PROBLEM REQUIREMENTS: An exact copy of the data below is needed; please leave out any pictures.

SOURCE MATERIAL:

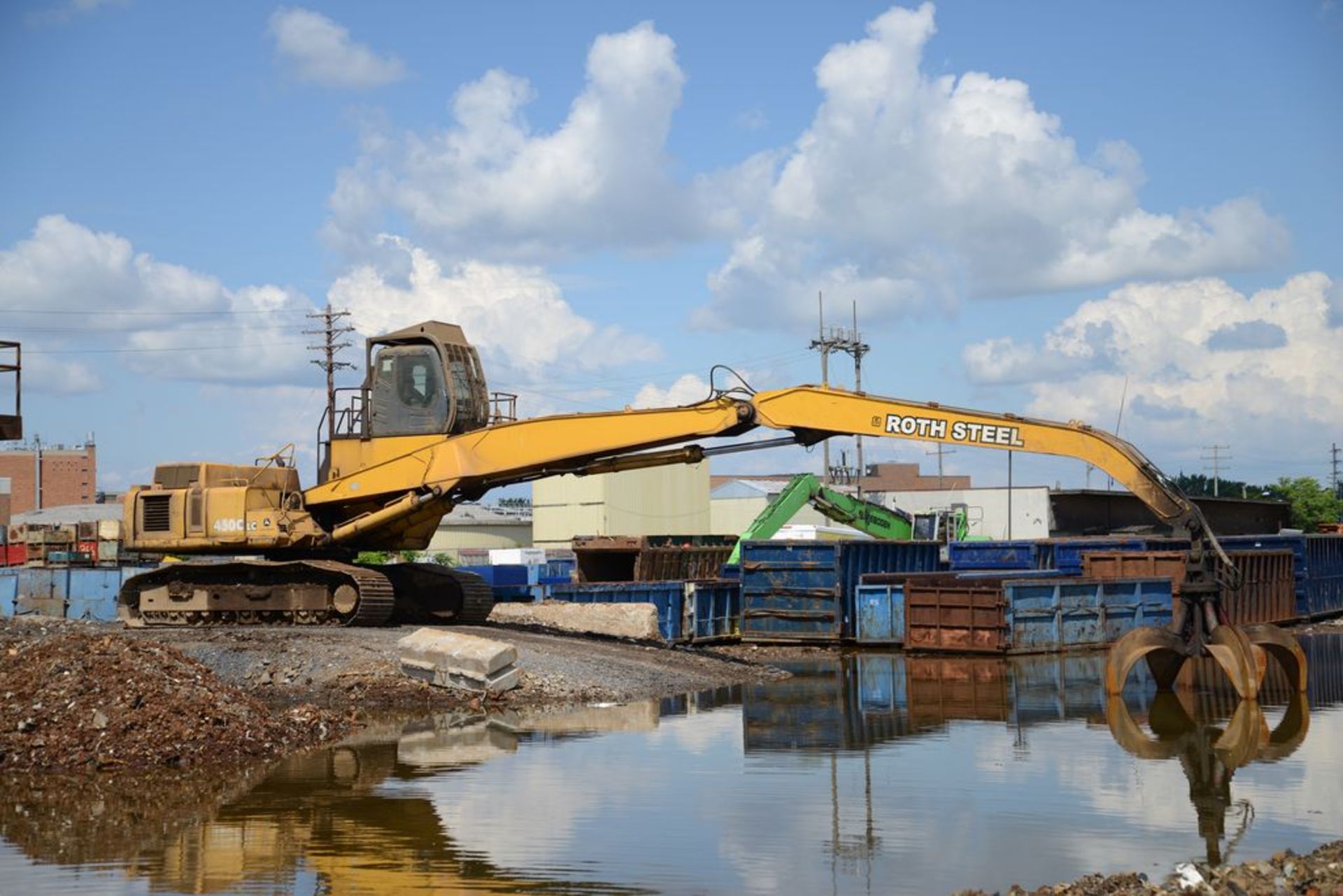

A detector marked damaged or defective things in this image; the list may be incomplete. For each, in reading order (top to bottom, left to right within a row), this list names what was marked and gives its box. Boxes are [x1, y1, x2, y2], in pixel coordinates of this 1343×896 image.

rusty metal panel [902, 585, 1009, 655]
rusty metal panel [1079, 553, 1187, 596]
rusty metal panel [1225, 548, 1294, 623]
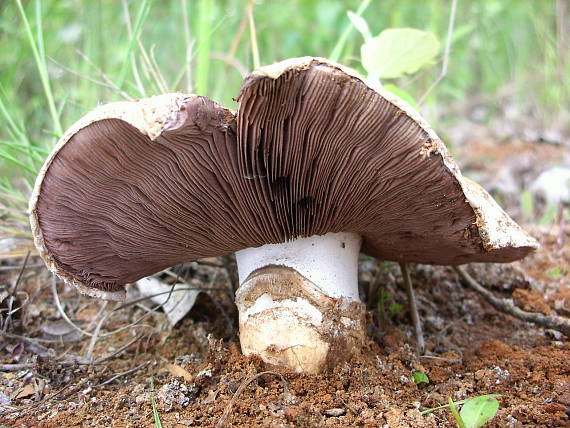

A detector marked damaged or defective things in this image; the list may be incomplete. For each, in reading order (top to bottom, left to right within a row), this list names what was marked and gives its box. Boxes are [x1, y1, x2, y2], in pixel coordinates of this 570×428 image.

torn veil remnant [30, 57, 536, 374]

YOUR RESPONSE:
A detector marked damaged or defective things in this image; the list may be incomplete. For each, in reading order (top to bottom, left to right within a row), this list names what was marked and gives its box. Boxes are [x1, y1, x2, y2], in pixel coordinates of this 1343×896 image.

rusty metal panel [902, 585, 1009, 655]
rusty metal panel [1079, 553, 1187, 596]
rusty metal panel [1225, 548, 1294, 623]

A detector marked damaged or defective things in this image; the list may be incomplete. For each, in reading order (top to bottom, left to right within a row), this list names what was marked and gives its box. Boxes are [x1, y1, x2, y2], in pixel coordinates of this 570×428 image.

torn veil remnant [30, 57, 536, 374]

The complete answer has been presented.